本来、法の合憲性の有無を判定する際に問題とされるものですが、新法の制定や改正の場面でもそれを支える立法事実があるのかどうかは当然問題となります。
今回のように、既にある規制を緩和する改正については、それをしても問題がないか、新たな問題を生むことにならないかという点が十分に検討されなければならなかったはずです。
電動KBは、2023年7月の改正法施行とシェアリングサービス開始以後、若者を中心にチョイ乗り需要を喚起し、利用が進んでいるようです。
一方、SNS等で2人乗りや信号無視、飲酒運転の問題が指摘されることがあり、高齢者への当て逃げ事犯や頭部受傷による死亡事故発生の報道も記憶に新しいところです。

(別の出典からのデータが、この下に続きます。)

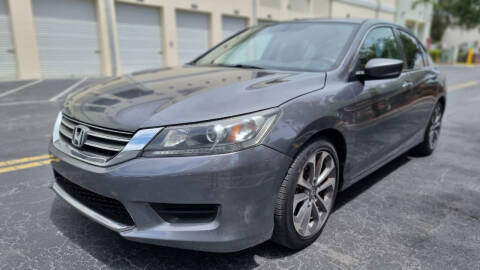 2013 Honda Accord for sale at Maxicars Boutique in West Park FL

筆者個人としては、安全面での十分な議論がないまま事業化前提で道路交通法改正の動きが進み、社会に浸透しだしてからようやくその危険性や交通ルール無視の問題に人々が気づき始めたという印象を強く持っています。
そもそも「特定小型原動機付自転車」は、原動機の有無や装備・通行方法などは従来の原動機付自転車に近い反面、ヘルメットも運転免許も不要という点ではむしろ自転車に近いという、実に中途半端な位置づけをもって産声を上げました。
「ヘルメット着用任意」が
最初から念頭に
そして、法改正とシェアリングサービス開始が急な流れで進んだことも相まって、消費者には、その使用方法や法規制に関する十分な知識・意識が定着しないまま、街中に普及し始めているように感じます。
新しい「車両」のカテゴリを設ける段階で、ヘルメット着用を義務づけることもできたわけですが、議連の勉強会や実証実験の報告結果などを見るとむしろ最初から「ヘルメット着用任意」が念頭に置かれていたことがうかがわれます。
もちろん、法律による規制は事後規制が基本ですから、これまで危険運転致死傷罪や妨害運転罪の新設、飲酒運転の基準厳格化・厳罰化がなされてきたように、今後「特定小型原動機付自転車」についても、悪質・危険な運転行為をきっかけに規制強化がなされるかもしれません。